## INSTRUCTIONS FOR THE TASK
Restate word for word only the lines running from the one with "Now let's set" to the end of the data, both ends included. Omit any pictures.

## INPUT DATA
····················
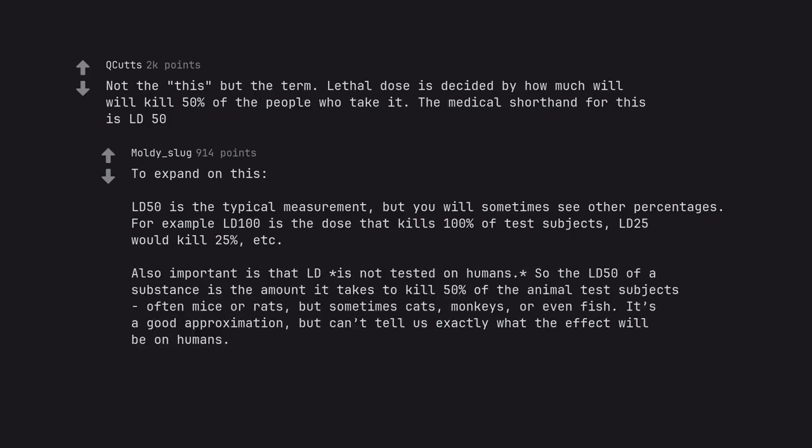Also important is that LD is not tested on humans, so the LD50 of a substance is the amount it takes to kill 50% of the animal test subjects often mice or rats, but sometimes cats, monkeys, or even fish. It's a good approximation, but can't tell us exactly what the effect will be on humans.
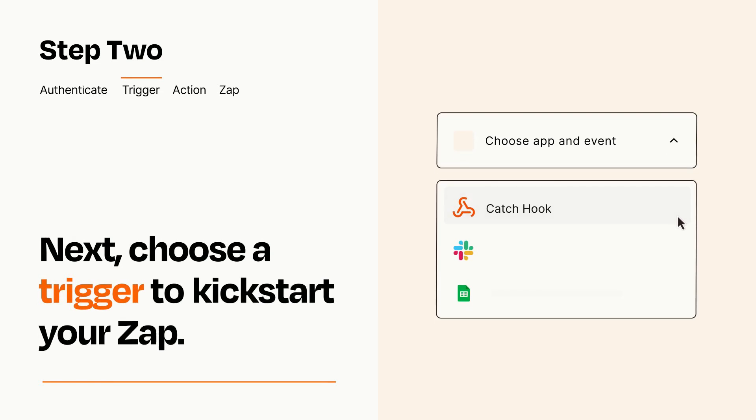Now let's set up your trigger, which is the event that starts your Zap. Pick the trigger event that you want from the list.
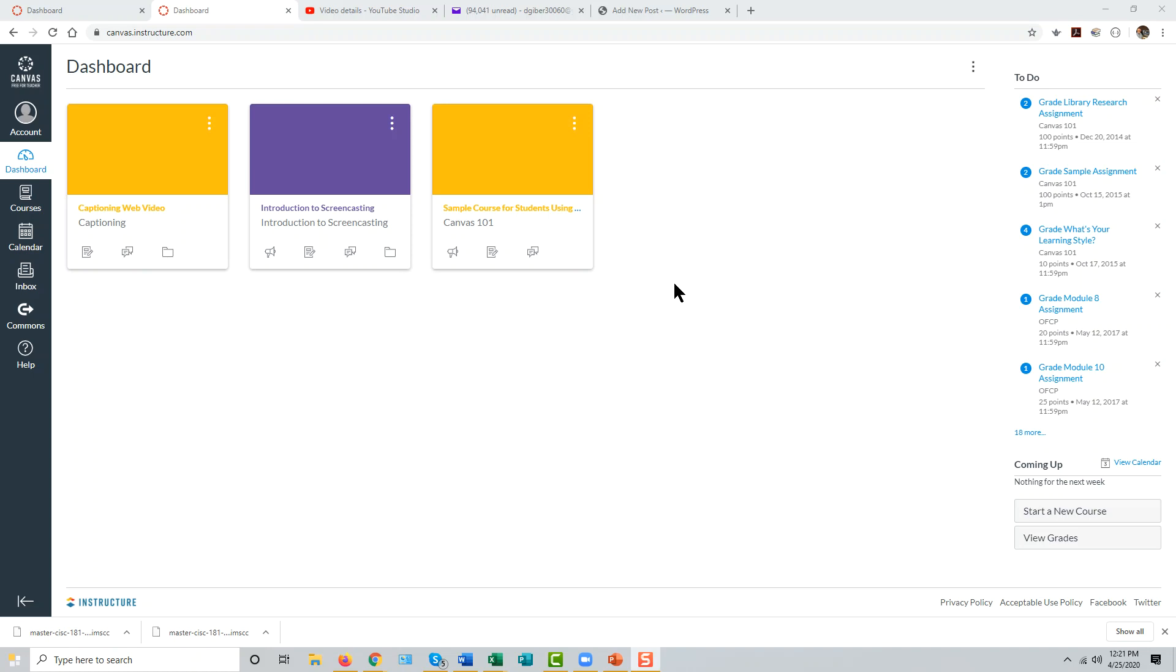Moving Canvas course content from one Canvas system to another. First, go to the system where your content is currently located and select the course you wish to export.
····················
## ANSWER BOX
Now let's set up your trigger, which is the event that starts your Zap. Pick the trigger event that you want from the list.
Moving Canvas course content from one Canvas system to another. First, go to the system where your content is currently located and select the course you wish to export.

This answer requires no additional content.